Belum Puas, Buruh Bakal Gelar Demo di Balai Kota DKI
jpnn.com, JAKARTA - Keputusan penetapan Upah Minimum Provinsi (UMP) DKI Jakarta 2018 sebesar Rp 3,6 juta ternyata bikin para buruh kecewa.
Angka tersebut dinilai buruh masih di bawah Kebutuhan Hidup Layak (KHL), sehingga belum dapat diterima.
"Ini urusan perut. Jika Pemprov DKI Jakarta tidak mau berdialog kami pasti akan turun ke jalan," ujar Bismar Susbiyanto, wakil ketua DPD Serikat Buruh Kimia Energi Pertambangan Gas Bumi DKI Jakarta, Minggu (5/11).
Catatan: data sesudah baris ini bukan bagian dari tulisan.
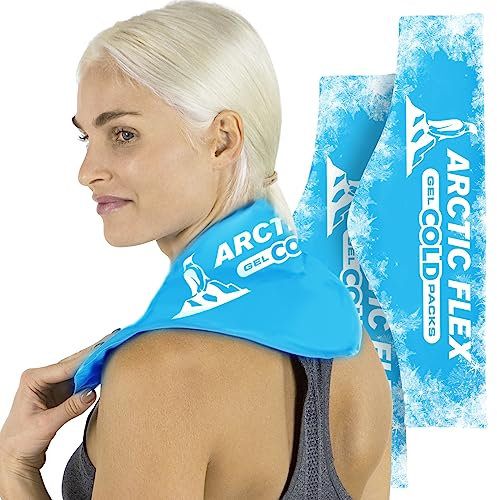 Arctic Flex Neck Cooler Ice Pack - Cold Compress Shoulder Therapy Wrap - Cool, Reusable Medical Freezer Gel Pad for Swelling, Injuries, Headache - Flexible Hot Microwaveable Heat - Men, Women (2 Pack)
Bismar yang juga menjadi perwakilan buruh alias duduk dalam Tripartit membahas UMP DKI bersama unsur pengusaha, dan pemerintah, menjelaskan penetapan UMP seharusnya tidak berdasarkan PP No 78, tetapi Undang-Undang Nomor 13 Tahun 2003 tentang Ketenagakerjaan.
Penghitungan UMP menurut PP No. 78, berdasarkan inflasi dan pertumbuhan ekonomi. Sedangkan penghitungan UMP menurut UU No 13/2003 berdasarkan KHL, inflasi, dan pertumbuhan ekonomi. Jika berdasarkan rumus tersebut, kata dia, UMP layak di DKI Jakarta Rp 3,9 juta.
"Kami berharap Pemprov DKI dalam hal ini Gubernur Anies dan Wagub Sandi mau berdialog. Kami masih meyakini pimpinan Jakarta saat ini masih lebih baik dari pimpinan Jakarta sebelumnya. Mudah-mudahan Senin ini keduanya mau membuka dialog dengan kami," tambah Bismar.
Ketua Departemen Infokom dan Media Konfederasi Serikat Pekerja Indonesia Kahar S Cahyono mengatakan, penetapan UMP yang didasarkan Peraturan Pemerintah Nomor 78/2015 tentang Pengupahan tidak sejalan dengan janji kampanye Gubernur-Wakil Gubernur DKI Jakarta Anies Baswedan-Sandiaga Uno.
"Pada saat Anies mencalonkan diri sebagai gubernur, dia sudah membut kontrak politik dengan kaum buruh bahwa tidak akan menaikkan UMP menggunakan PP No 78. Kami kecewa dengan apa yang dilakukan Anies-Sandi," terang dia.